→ WORK REQUEST: Exactly and only the lines from the one with "Eine junge Frau schaut in die Kamera" through the last line of the records need to be set down; please skip the pictures.

Short text fragments from websites:
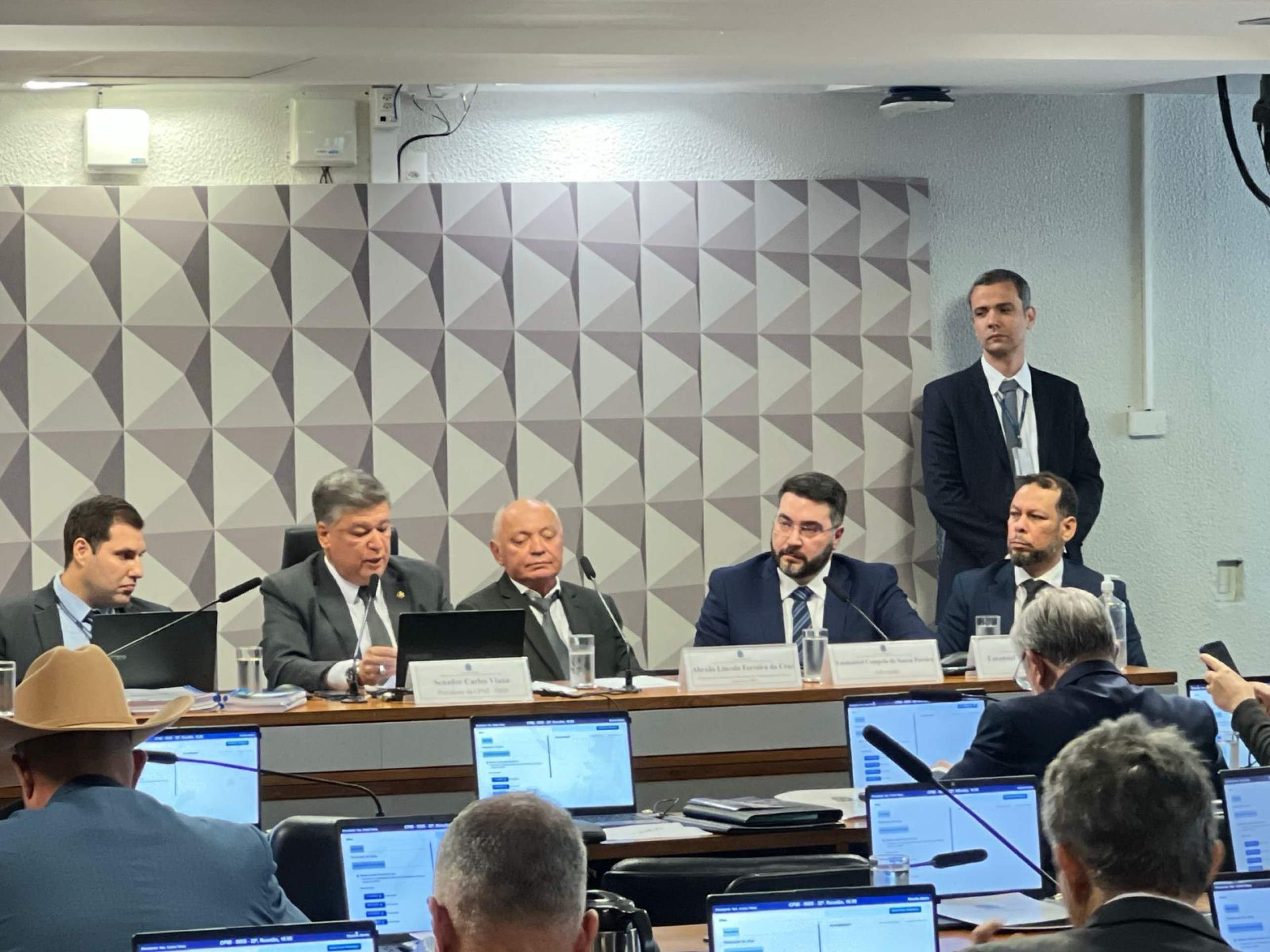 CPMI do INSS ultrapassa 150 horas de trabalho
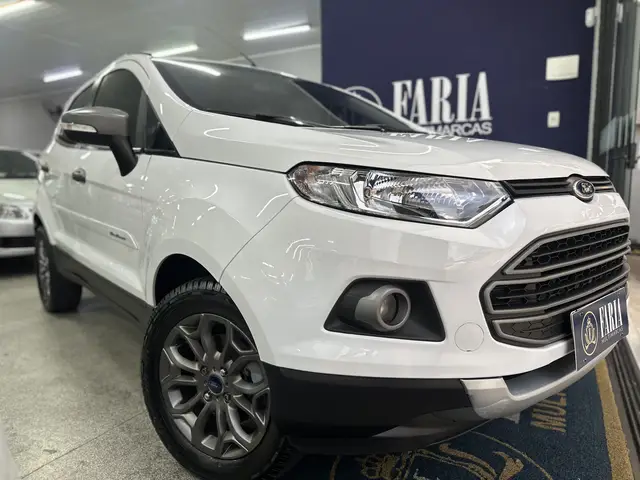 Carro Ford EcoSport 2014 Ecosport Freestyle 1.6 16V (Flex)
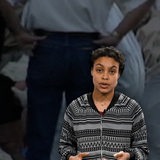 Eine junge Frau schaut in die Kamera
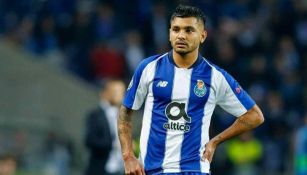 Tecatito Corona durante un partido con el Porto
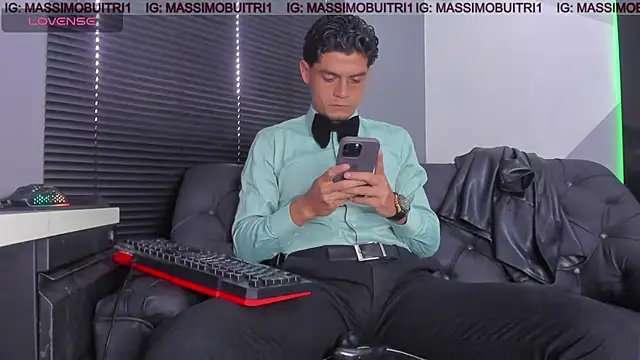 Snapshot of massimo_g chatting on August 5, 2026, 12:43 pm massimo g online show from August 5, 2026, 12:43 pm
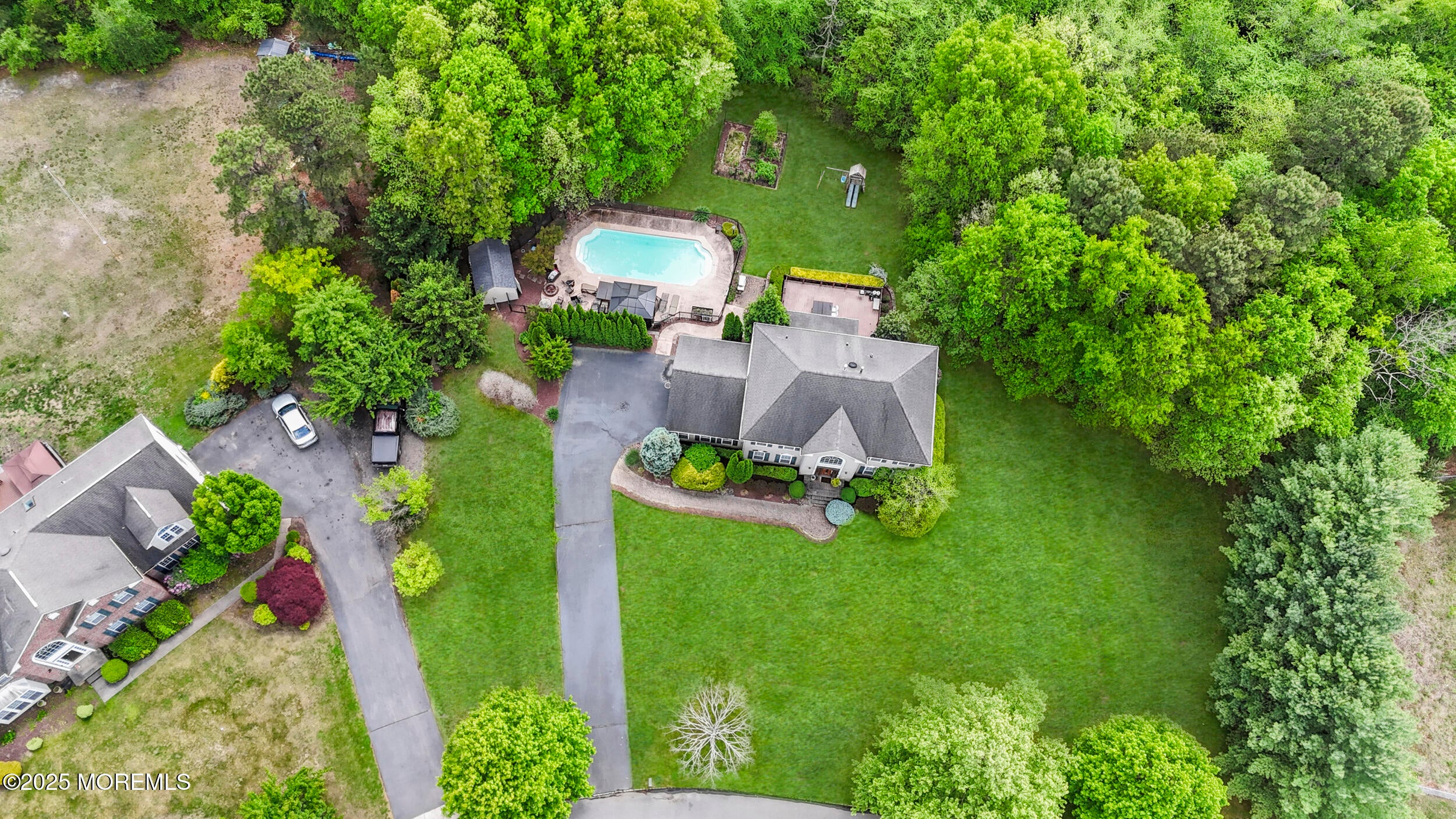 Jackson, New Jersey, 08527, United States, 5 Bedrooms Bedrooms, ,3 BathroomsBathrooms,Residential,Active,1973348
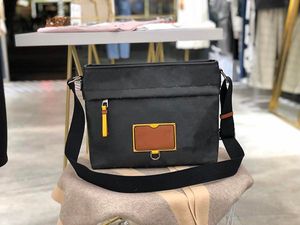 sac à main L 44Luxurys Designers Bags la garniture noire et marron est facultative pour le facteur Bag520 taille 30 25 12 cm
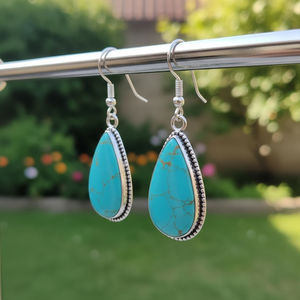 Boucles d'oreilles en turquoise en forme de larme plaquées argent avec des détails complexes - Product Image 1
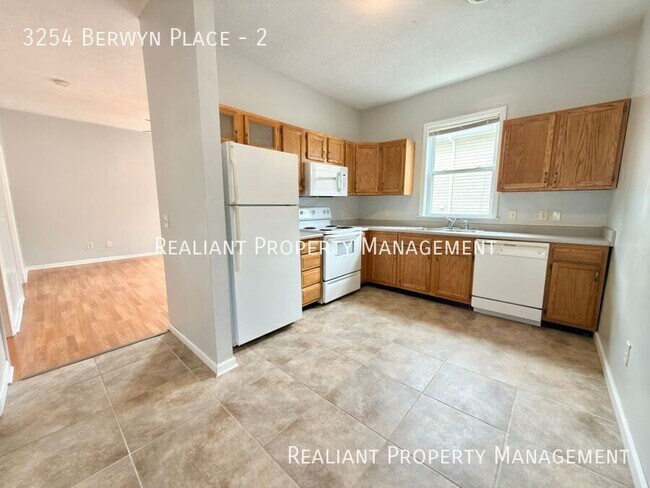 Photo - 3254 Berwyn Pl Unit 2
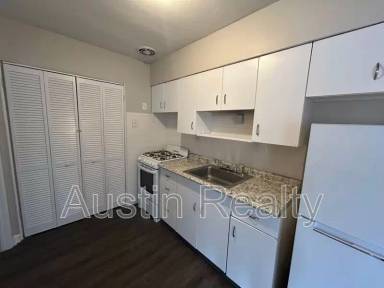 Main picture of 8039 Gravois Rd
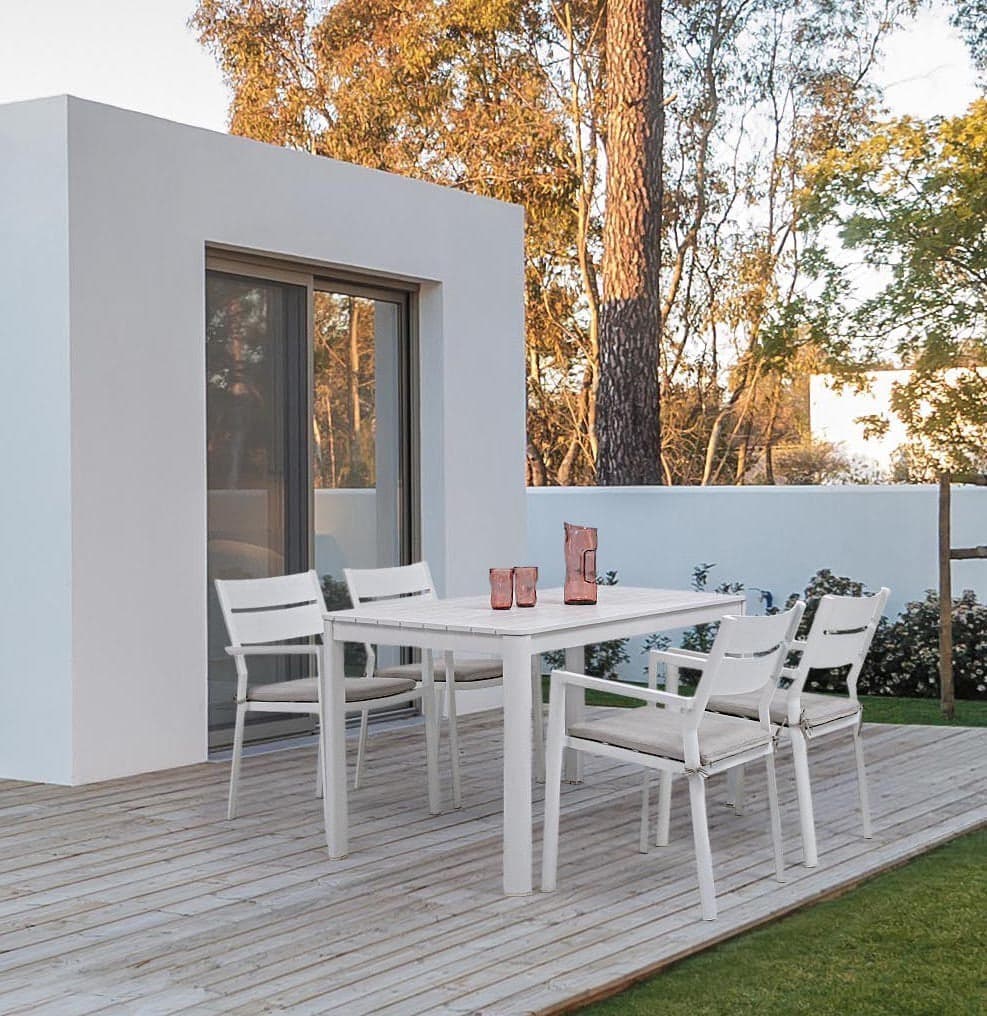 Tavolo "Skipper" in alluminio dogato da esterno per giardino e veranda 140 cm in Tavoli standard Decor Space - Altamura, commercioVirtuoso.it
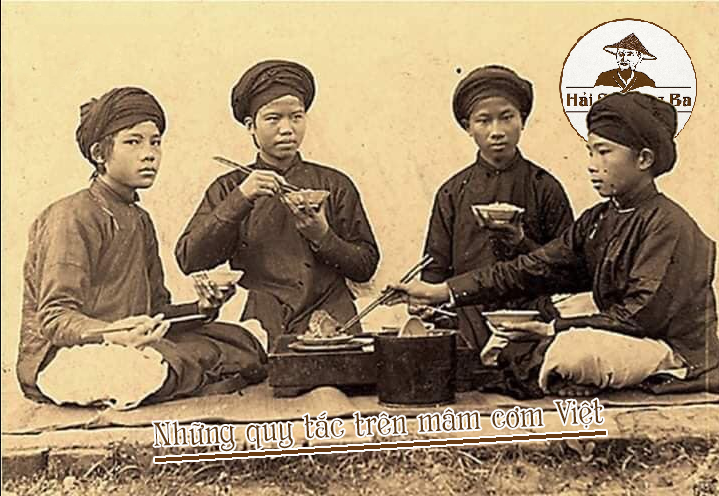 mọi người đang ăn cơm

→ RESPONSE AREA:
 Eine junge Frau schaut in die Kamera
 Tecatito Corona durante un partido con el Porto
 Snapshot of massimo_g chatting on August 5, 2026, 12:43 pm massimo g online show from August 5, 2026, 12:43 pm
 Jackson, New Jersey, 08527, United States, 5 Bedrooms Bedrooms, ,3 BathroomsBathrooms,Residential,Active,1973348
 sac à main L 44Luxurys Designers Bags la garniture noire et marron est facultative pour le facteur Bag520 taille 30 25 12 cm
 Boucles d'oreilles en turquoise en forme de larme plaquées argent avec des détails complexes - Product Image 1
 Photo - 3254 Berwyn Pl Unit 2
 Main picture of 8039 Gravois Rd
 Tavolo "Skipper" in alluminio dogato da esterno per giardino e veranda 140 cm in Tavoli standard Decor Space - Altamura, commercioVirtuoso.it
 mọi người đang ăn cơm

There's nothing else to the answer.